À propos de l'argument selon lequel ce sont des recrutements politiques, il botte en touche et précise : “S'il y a des gens qui ont été recrutés de manière politique et qui ne travaillent pas, la législation permet de s'en séparer et personne ne va se plaindre. Maintenant, pour ceux qui travaillent normalement, même s'il y a des motivations politiques sur leurs nominations, ils restent des Sénégalais et l'État se doit de respecter leurs droits. Sinon, si l’on juge opportun de les licencier, qu'on les licencie, mais en leur payant leurs droits. Dans tous les cas, le droit du travail doit être respecté. On ne peut pas faire travailler des gens et ne pas les payer”.

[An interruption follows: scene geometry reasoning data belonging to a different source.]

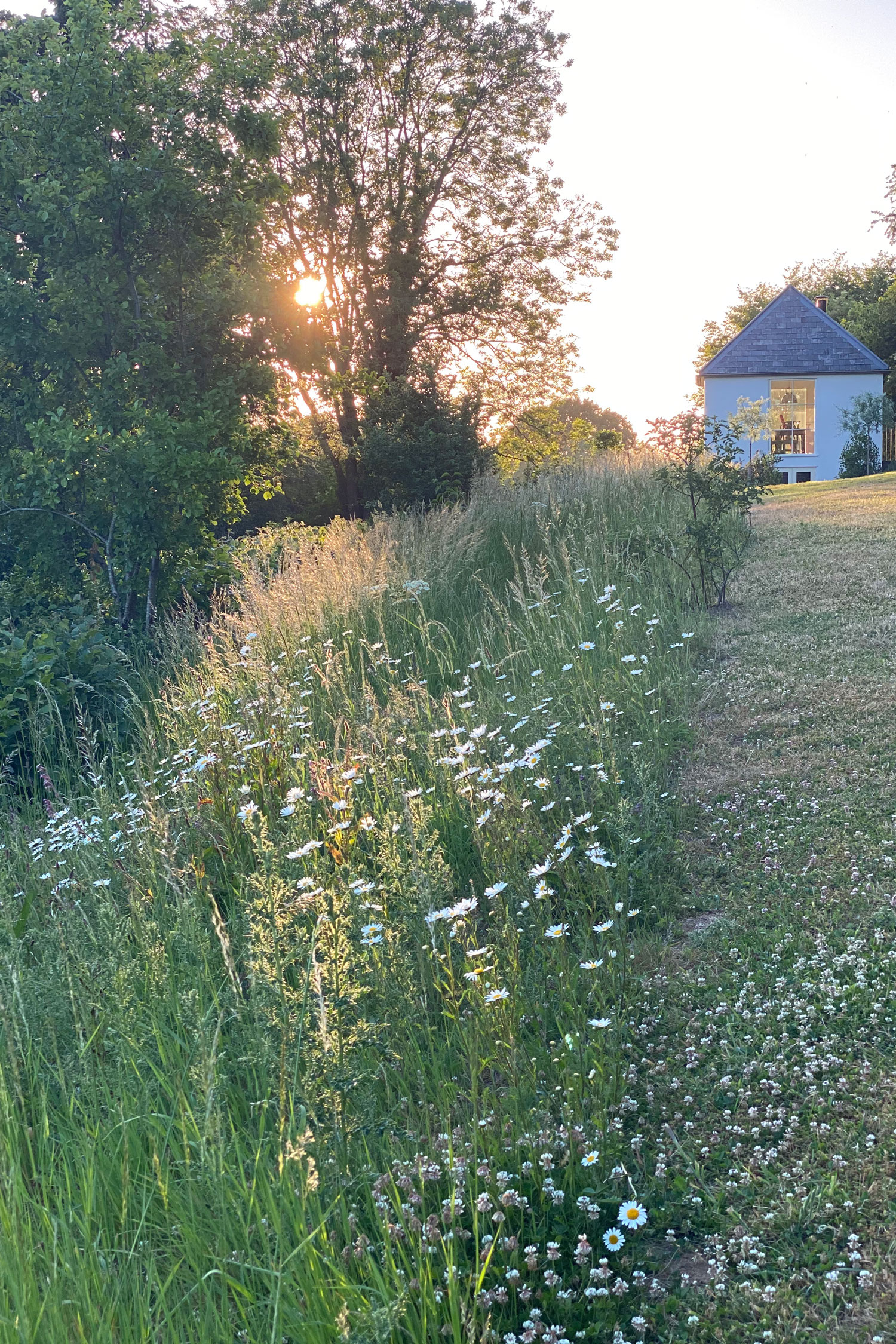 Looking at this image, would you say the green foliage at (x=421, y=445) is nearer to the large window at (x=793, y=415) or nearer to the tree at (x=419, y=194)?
the tree at (x=419, y=194)

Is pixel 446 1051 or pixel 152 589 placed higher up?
pixel 152 589

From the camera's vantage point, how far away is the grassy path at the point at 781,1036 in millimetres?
1720

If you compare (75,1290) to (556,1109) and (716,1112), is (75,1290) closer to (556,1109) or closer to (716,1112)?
(556,1109)

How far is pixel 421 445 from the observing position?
15555 millimetres

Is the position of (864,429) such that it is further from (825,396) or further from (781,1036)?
(781,1036)

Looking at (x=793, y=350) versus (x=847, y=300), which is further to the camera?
(x=847, y=300)

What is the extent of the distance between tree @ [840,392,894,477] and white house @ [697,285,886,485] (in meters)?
0.75

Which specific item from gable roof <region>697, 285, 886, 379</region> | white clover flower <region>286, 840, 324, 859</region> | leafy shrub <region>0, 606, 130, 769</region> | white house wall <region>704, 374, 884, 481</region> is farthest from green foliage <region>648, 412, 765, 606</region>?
gable roof <region>697, 285, 886, 379</region>

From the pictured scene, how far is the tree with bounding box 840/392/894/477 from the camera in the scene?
2870 centimetres

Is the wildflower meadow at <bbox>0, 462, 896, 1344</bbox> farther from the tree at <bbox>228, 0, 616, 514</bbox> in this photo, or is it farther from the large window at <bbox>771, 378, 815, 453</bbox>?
the large window at <bbox>771, 378, 815, 453</bbox>

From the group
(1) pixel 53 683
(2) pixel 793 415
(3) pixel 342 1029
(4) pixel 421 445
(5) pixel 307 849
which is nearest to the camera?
(3) pixel 342 1029

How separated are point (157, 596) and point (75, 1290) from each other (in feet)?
26.6

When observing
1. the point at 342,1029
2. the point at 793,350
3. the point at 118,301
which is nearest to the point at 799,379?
the point at 793,350

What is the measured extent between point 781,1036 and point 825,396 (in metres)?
33.0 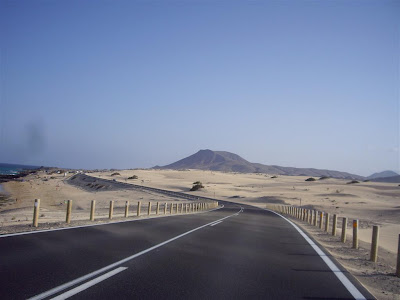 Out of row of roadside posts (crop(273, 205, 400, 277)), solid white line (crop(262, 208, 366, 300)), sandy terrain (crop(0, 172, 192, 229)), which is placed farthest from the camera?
sandy terrain (crop(0, 172, 192, 229))

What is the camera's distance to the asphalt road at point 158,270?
23.2ft

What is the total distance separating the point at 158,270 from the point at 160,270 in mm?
43

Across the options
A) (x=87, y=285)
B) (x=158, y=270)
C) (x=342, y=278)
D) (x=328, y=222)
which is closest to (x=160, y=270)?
(x=158, y=270)

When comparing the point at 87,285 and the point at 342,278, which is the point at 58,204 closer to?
the point at 87,285

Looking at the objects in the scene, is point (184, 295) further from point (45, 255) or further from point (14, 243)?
point (14, 243)

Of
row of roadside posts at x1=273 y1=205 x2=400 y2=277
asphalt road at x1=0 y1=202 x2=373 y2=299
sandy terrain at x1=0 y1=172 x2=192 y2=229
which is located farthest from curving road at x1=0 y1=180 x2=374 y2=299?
sandy terrain at x1=0 y1=172 x2=192 y2=229

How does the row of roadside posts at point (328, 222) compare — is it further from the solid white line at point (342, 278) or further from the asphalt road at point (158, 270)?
the asphalt road at point (158, 270)

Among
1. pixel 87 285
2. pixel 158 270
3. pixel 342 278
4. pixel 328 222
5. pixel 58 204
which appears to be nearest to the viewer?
pixel 87 285

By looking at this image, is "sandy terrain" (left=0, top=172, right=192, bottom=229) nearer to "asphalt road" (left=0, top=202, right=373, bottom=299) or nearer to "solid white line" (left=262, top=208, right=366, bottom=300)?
"asphalt road" (left=0, top=202, right=373, bottom=299)

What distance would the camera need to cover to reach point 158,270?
28.8ft

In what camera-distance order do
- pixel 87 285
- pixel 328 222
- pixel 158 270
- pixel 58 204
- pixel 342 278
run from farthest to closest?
pixel 58 204, pixel 328 222, pixel 342 278, pixel 158 270, pixel 87 285

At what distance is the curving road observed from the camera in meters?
7.09

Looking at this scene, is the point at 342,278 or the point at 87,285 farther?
the point at 342,278

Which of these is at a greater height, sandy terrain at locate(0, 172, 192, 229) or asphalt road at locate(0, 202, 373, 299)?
asphalt road at locate(0, 202, 373, 299) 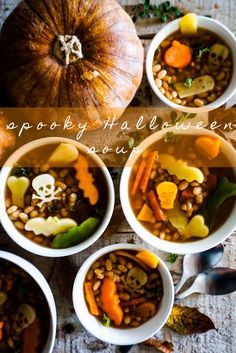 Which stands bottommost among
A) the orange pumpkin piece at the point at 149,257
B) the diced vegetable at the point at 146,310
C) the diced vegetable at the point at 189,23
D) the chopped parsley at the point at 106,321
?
the chopped parsley at the point at 106,321

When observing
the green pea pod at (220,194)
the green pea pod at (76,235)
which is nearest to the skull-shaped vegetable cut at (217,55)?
the green pea pod at (220,194)

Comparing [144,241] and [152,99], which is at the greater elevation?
[152,99]

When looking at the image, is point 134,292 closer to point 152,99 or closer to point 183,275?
point 183,275

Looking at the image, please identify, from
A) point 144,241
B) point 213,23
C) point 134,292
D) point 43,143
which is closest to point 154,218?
point 144,241

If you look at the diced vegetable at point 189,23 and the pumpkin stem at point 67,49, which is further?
the diced vegetable at point 189,23

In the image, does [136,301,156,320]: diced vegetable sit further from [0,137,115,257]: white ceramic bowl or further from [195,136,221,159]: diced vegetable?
[195,136,221,159]: diced vegetable

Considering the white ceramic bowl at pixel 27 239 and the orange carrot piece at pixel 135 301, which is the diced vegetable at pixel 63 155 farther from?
the orange carrot piece at pixel 135 301

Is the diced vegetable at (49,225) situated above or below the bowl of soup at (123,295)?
above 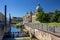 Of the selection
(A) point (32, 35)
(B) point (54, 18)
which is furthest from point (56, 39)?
(B) point (54, 18)

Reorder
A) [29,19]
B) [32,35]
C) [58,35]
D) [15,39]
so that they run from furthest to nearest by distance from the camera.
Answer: [29,19], [32,35], [15,39], [58,35]

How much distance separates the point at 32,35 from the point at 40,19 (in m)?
47.3

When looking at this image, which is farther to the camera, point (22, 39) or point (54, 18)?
point (54, 18)

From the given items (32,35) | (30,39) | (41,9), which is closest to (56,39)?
(30,39)

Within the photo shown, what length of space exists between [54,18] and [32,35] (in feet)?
154

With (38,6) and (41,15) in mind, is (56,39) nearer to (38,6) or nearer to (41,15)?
(41,15)

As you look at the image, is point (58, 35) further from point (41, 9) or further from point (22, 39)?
point (41, 9)

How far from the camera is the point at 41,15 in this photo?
237 feet

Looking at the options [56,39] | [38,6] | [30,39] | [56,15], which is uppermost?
[38,6]

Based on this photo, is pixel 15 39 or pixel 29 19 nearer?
pixel 15 39

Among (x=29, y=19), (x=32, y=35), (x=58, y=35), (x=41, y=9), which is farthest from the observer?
(x=29, y=19)

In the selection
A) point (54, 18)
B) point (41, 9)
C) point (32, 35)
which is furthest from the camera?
point (41, 9)

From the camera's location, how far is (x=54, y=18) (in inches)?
2749

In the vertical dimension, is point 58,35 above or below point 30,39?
above
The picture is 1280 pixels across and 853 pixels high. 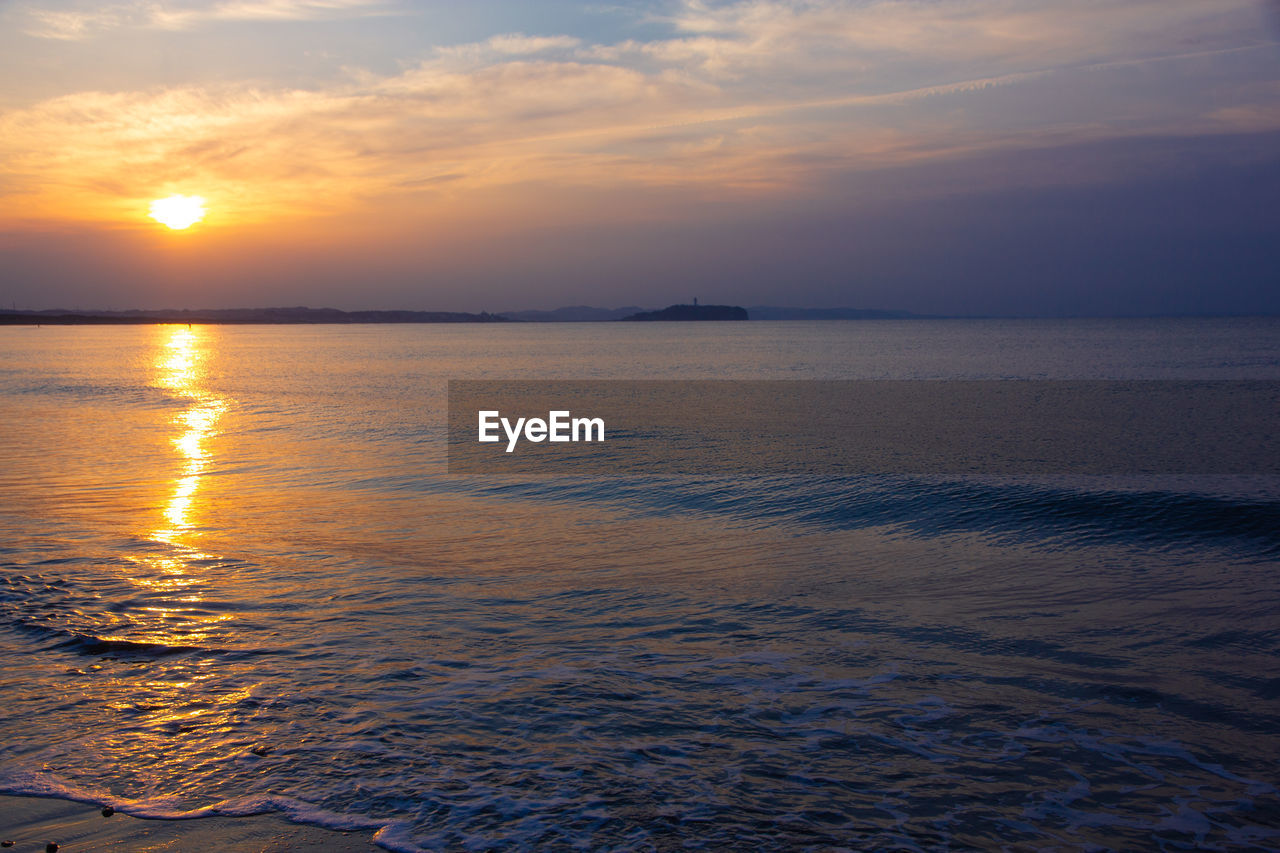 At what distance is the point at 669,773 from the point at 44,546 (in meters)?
10.8

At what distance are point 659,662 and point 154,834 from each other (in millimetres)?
4096

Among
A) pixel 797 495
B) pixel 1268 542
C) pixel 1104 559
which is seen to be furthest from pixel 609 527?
pixel 1268 542

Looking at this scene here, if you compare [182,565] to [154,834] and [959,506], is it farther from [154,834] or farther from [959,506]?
[959,506]

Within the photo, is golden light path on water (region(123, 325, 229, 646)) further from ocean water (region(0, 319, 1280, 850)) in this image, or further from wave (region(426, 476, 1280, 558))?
wave (region(426, 476, 1280, 558))

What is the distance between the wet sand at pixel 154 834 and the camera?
4645 mm

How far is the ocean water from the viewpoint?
5.22 meters

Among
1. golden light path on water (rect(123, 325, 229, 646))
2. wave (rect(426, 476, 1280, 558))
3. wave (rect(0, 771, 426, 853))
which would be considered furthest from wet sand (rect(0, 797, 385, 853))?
wave (rect(426, 476, 1280, 558))

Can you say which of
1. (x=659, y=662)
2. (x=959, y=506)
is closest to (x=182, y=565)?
(x=659, y=662)

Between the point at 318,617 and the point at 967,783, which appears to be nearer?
the point at 967,783

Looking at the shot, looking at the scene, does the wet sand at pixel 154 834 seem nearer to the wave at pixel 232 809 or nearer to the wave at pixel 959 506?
the wave at pixel 232 809

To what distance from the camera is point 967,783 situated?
5527 millimetres

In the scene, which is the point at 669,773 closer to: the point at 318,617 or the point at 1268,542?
the point at 318,617

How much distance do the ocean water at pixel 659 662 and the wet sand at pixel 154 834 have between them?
0.15 meters

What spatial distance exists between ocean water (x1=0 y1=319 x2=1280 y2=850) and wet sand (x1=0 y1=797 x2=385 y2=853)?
5.9 inches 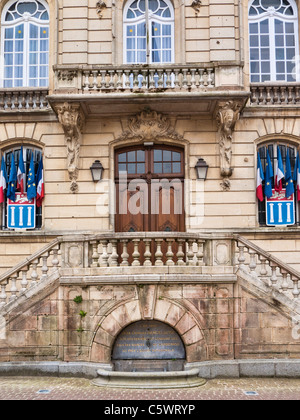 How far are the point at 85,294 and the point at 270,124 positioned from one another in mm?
8562

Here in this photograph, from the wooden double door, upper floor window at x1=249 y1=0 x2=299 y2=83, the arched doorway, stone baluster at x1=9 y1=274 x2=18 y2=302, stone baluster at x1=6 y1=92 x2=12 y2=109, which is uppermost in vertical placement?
upper floor window at x1=249 y1=0 x2=299 y2=83

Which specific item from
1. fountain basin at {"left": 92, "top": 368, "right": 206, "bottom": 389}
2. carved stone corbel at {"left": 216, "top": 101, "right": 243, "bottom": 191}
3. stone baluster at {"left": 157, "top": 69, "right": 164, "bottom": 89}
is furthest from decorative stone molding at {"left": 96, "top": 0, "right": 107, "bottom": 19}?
fountain basin at {"left": 92, "top": 368, "right": 206, "bottom": 389}

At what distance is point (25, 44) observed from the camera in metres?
18.6

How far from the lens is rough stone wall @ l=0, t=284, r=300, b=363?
41.3 feet

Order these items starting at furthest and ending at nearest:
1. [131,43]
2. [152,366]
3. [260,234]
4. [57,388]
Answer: [131,43], [260,234], [152,366], [57,388]

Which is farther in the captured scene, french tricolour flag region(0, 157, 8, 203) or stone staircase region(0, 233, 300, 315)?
french tricolour flag region(0, 157, 8, 203)

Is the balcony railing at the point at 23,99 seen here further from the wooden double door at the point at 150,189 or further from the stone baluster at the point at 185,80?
the stone baluster at the point at 185,80

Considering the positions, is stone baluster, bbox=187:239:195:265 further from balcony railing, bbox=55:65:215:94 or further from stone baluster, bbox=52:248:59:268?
balcony railing, bbox=55:65:215:94

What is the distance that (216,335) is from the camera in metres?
12.7

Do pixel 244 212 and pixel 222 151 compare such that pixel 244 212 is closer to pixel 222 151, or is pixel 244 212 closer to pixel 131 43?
pixel 222 151

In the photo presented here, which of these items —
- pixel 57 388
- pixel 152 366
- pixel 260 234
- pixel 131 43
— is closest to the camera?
pixel 57 388

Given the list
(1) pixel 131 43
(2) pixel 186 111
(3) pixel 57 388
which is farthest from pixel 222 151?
(3) pixel 57 388

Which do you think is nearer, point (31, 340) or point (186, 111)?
point (31, 340)

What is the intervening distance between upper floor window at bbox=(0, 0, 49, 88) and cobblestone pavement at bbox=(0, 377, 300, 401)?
405 inches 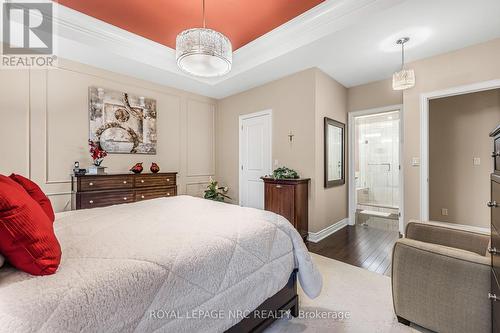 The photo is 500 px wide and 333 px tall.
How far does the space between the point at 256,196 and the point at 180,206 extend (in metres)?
2.48

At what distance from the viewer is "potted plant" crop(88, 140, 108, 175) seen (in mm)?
3186

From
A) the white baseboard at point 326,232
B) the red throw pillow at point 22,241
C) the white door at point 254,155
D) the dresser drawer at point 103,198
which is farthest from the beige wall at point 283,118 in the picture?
the red throw pillow at point 22,241

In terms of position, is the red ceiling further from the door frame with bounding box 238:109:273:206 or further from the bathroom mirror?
the bathroom mirror

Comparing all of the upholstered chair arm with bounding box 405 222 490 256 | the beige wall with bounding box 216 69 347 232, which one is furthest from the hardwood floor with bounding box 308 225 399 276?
the upholstered chair arm with bounding box 405 222 490 256

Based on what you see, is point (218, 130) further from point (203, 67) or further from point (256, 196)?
point (203, 67)

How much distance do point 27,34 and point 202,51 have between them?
2.41m

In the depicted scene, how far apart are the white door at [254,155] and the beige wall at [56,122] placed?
1509 millimetres

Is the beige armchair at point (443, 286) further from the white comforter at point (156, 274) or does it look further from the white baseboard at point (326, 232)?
the white baseboard at point (326, 232)

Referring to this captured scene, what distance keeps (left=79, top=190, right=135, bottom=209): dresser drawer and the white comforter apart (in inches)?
55.4

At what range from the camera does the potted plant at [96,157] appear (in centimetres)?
319

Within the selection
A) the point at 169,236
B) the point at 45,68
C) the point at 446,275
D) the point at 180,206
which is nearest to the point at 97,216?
the point at 180,206

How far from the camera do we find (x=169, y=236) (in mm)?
1241

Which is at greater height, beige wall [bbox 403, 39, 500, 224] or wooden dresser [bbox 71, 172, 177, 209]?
beige wall [bbox 403, 39, 500, 224]

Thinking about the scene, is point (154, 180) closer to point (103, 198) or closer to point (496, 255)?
point (103, 198) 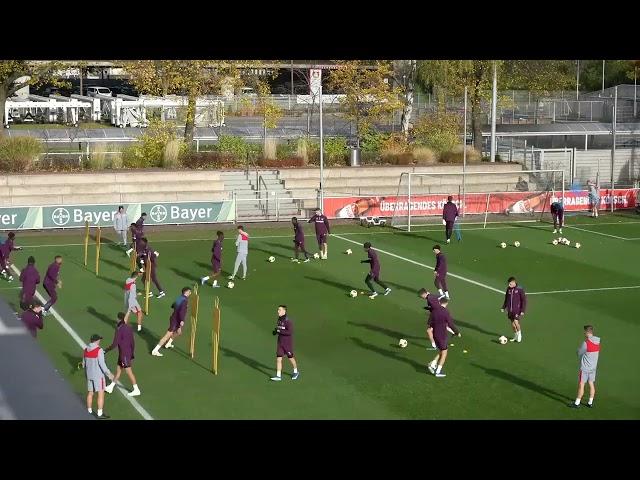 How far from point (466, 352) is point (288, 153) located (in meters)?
27.8

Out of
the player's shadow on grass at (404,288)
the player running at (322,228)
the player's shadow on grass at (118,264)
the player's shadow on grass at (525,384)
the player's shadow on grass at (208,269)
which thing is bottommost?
the player's shadow on grass at (525,384)

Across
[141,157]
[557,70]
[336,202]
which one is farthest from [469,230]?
[557,70]

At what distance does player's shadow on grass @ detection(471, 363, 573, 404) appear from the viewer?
2028 centimetres

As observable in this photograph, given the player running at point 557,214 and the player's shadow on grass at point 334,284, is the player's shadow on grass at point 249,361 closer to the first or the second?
the player's shadow on grass at point 334,284

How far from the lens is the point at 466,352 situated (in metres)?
23.5

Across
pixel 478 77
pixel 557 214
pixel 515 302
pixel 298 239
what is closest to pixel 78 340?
pixel 515 302

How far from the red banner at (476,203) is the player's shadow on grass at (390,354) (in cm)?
1971

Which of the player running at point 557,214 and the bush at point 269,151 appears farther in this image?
the bush at point 269,151

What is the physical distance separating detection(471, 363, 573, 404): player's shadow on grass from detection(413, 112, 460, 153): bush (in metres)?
31.4

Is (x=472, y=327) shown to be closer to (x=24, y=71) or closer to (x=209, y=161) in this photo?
(x=209, y=161)

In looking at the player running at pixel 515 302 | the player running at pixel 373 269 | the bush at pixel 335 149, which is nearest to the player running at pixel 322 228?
the player running at pixel 373 269

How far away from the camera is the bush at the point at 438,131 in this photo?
5325 centimetres

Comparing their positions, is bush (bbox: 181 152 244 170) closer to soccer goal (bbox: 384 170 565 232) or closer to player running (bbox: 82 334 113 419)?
soccer goal (bbox: 384 170 565 232) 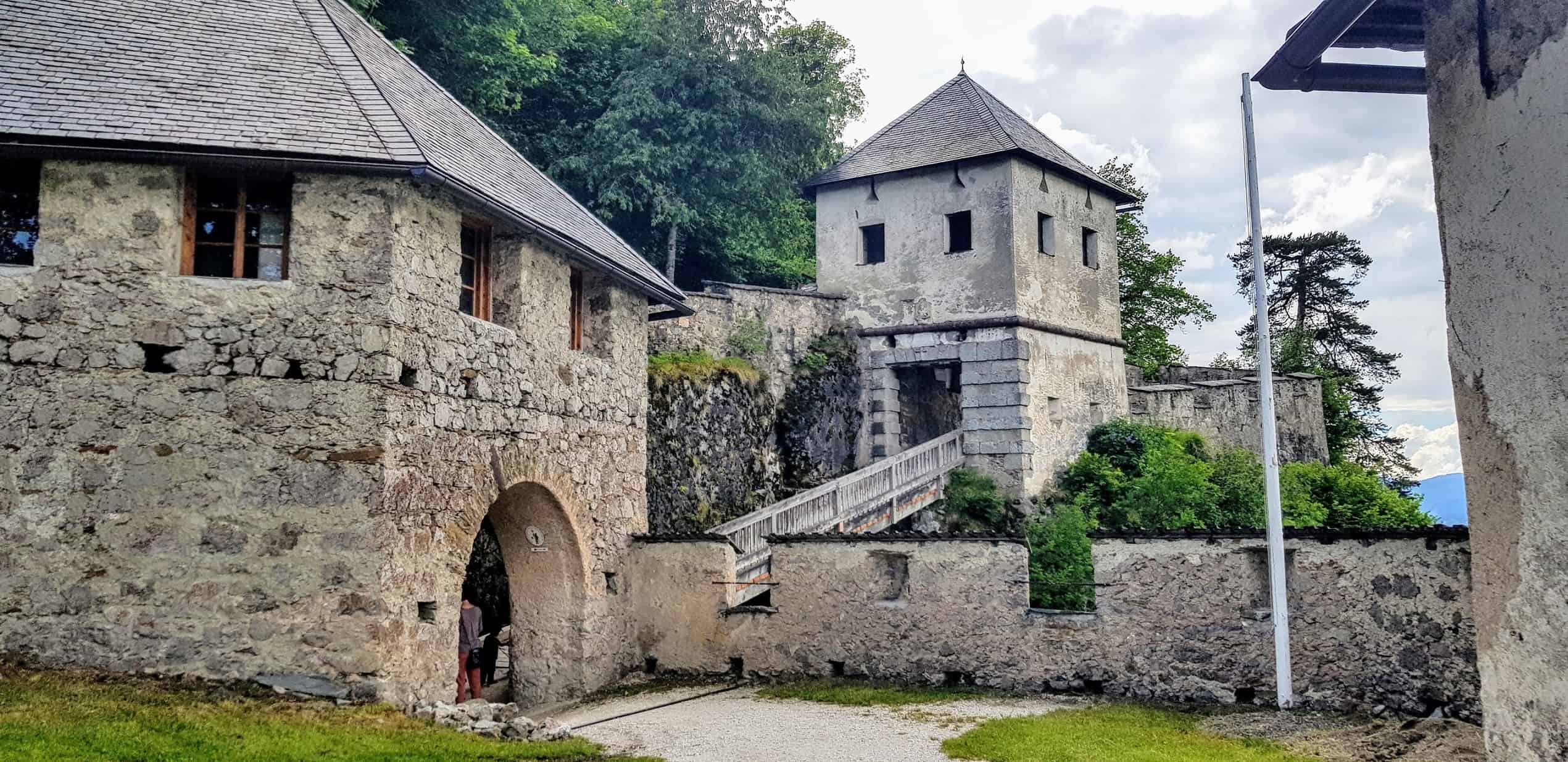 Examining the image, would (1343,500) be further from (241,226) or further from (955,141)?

Adama Mbengue (Adha) : “Au lieu de penser à supprimer des emplois, on s'attend à ce que l'État favorise les conditions de sa création.”

Selon l'ONG Adha, l'État a intérêt à changer de paradigme pour matérialiser ses engagements et respecter les droits des travailleurs dans tous les secteurs, qu'il soit public ou privé. “Au lieu de supprimer des emplois, il faut en créer. On s'attendait à un changement de paradigme, avec une fusion de certaines directions dédiées à l'emploi. Pourquoi ne pas pousser certains directeurs à diminuer leurs salaires ? Il y aura moins de dépenses et plus d'impacts sur le travail”.

Le gouvernement, selon M. Diouf, doit accompagner les entreprises du secteur privé, surtout celles qui sont en difficulté. “L'État doit accompagner les entreprises en difficulté. Derrière chaque employé, il y a une famille, des dizaines de personnes. L'État doit donc soutenir l'entreprise comme ça se passe dans les autres pays”, a-t-il insisté, non sans préciser : “Il ne faut pas détruire la presse. On est en train de s'acharner sur la presse, alors qu'il y a d'autres secteurs qui sont là et qui font pire.”

Les centrales déroulent leur plateforme revendicative 

Face à cette situation, la Coalition des centrales syndicales alerte et fixe ses exigences prioritaires. Elle a, dans ce sens, élaboré une plateforme revendicative minimale, “pour exiger de meilleures conditions de travail et de vie.” Parmi les priorités listées par les centrales, il y a : la baisse de la fiscalité sur les salaires, des coûts de l’électricité, de l’eau et du téléphone, des denrées de première nécessité pour soulager le pouvoir d'achat. L'harmonisation des augmentations des salaires des agents de l’État, à la suite des augmentations de 2022, y compris pour ceux des collectivités territoriales, la finalisation  de la révision du statut des décisionnaires par la modification du décret 74-347 et le règlement de la lancinante question de leur pension de retraite ; la mise en œuvre du plan de restructuration de la SN La Poste ; la réforme du Code du travail et du Code unique de la sécurité sociale ; la suppression des équivalences sur la durée règlementaire du travail dans certains secteurs professionnels tels que l’hôtellerie.

La coalition avait aussi exigé de lutter contre : l’évasion sociale dans les entreprises ; la précarisation des emplois dans la Fonction publique et dans le secteur privé ; les licenciements abusifs. “La Coalition des centrales syndicales du Sénégal invite les autorités à rester attentives aux préoccupations des travailleuses et des travailleurs, et veiller à une répartition équitable de la richesse nationale, à l’implication de la force de travail au renouveau et à la performance de notre économie”, prévenaient Mody Guiro et ses camarades qui sonnent la mobilisation des travailleurs pour la défense de l'emploi.